Dès une haute époque, la montagne des Nosairis semble avoir été sous la domination des Phéniciens du Nord. Nous savons en particulier qu'à l'arrivée d'Alexandre le Grand en Syrie tout ce territoire dépendait du royaume d'Arad. Pendant des siècles les Nosairis durent s'assimiler aux Phéniciens et, longtemps après la disparition de l'autonomie phénicienne, ils conservèrent les traditions et les croyances de ce peuple. Pline mentionne la tétrarchie des Nazerini. A cette époque, la montagne des Nosairis portait le nom de mons Bargylus. Le christianisme ne pénétra pas chez les Nosairis. Nous les voyons même, vers la fin du IVe siècle, prêter main-forte aux païens d'Apamée dans leur lutte contre les chrétiens. 

Au VIIe siècle, la grande irruption arabe en Syrie ne les atteint que très superficiellement. Il en sera de même des conquêtes successives des Byzantins, des Arabes et des Croisés. Les plus ardents se contenteront d'occuper certains points stratégiques assurant leur domination morale et la sécurité des routes. Entre temps, sous l'influence de la propagande, des Ismaéliens, les Nosairis subirent une transformation religieuse.  Les écrits druzes prouvent que la religion nosairi, telle qu'elle nous est connue aujourd'hui, était déjà constituée au commencement du XIe siècle de notre ère et qu'elle était distincte de la doctrine ismaélienne. 

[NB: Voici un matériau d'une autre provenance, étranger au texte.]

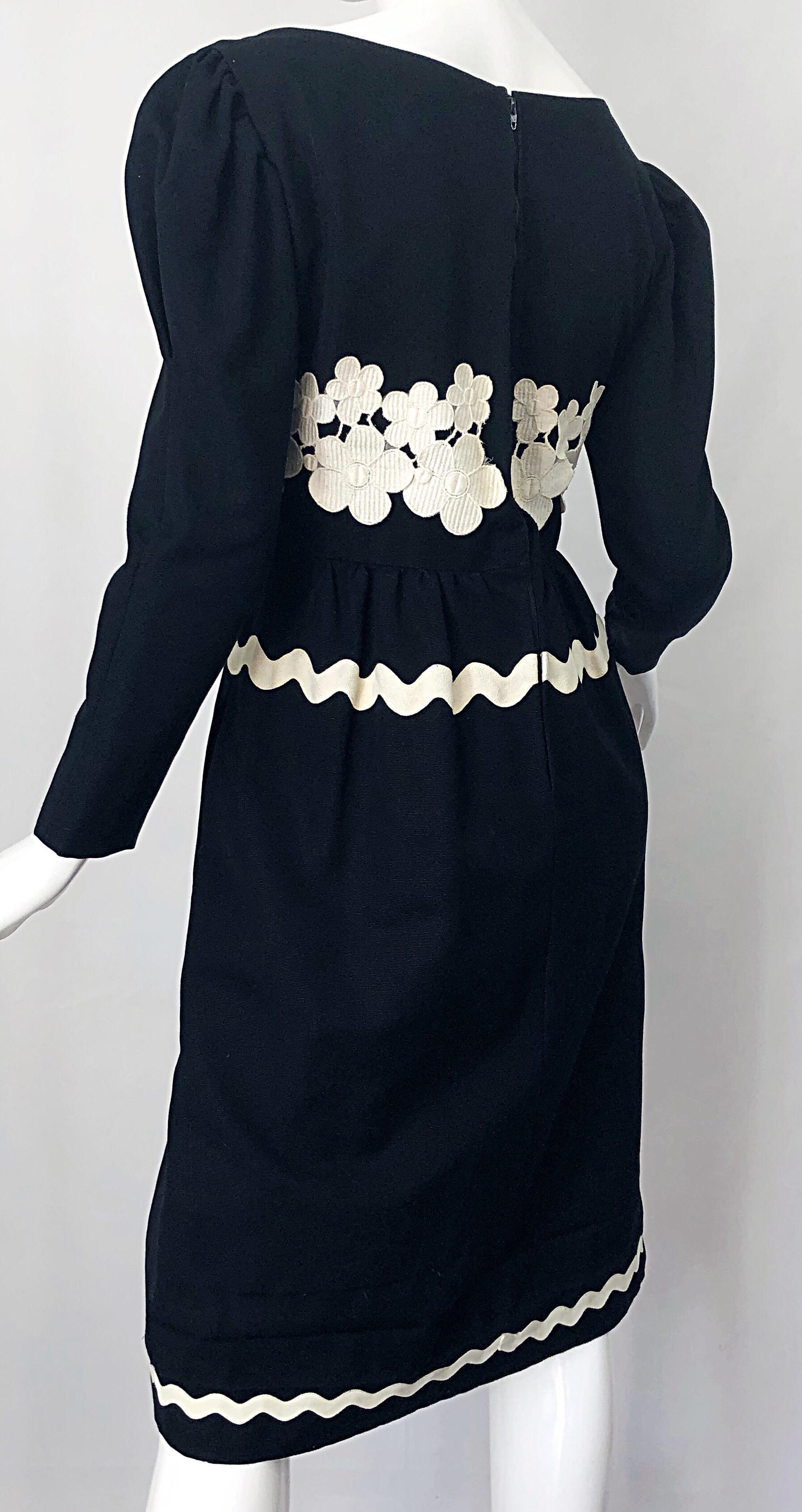 1960s Oscar de la Renta Black and White Embroidered Flower Rickrack 60s Dress For Sale 3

Un siècle après, les Ismaéliens, chassés de la forteresse de Panéas, près de Damas, se rejettent dans le Djebel en-Nosairi dont ils occupent un grand nombre de points et d'où ils répandent la terreur chez les musulmans comme chez les Croisés sous le nom d'Assassins. Quand il eut détruit en Syrie la puissance ismaélienne, Beibars essaya, sans y réussir, de contraindre les Nosairis à embrasser l'Islam. Plusieurs fois leur perte fut décidée; mais les propriétaires musulmans locaux, soucieux de leurs intérêts, intervinrent à temps.

A l'époque moderne, leur région ayant été absorbée dans l'Empire ottoman, on trouve les Nosairis, que l'on peut désormais appeler aussi Alaouites, divisés en tribus ou Achirés qui dominent alternativement et cherchent à asseoir leur autorité en payant tribut au pacha de Tripoli. Ibrahim Pacha ruina ce centre d'indépendance en détruisant tous les châteaux forts de la montagne. Le dernier chef local fut lsmaël Beg, qui, contre une forte redevance annuelle payée au gouvernement turc, eut le pouvoir le plus absolu sur toute la région. Les exigences du petit potentat amenèrent des soulèvements, et lorsqu'il se fut aliéné les musulmans de la région, le gouvernement turc fut obligé d'intervenir (1858). Ismael Beg ne put tenir tête aux troupes turques. S'étant enfui dans la haute montagne. il fut trahi et tué par un de ses propres parents.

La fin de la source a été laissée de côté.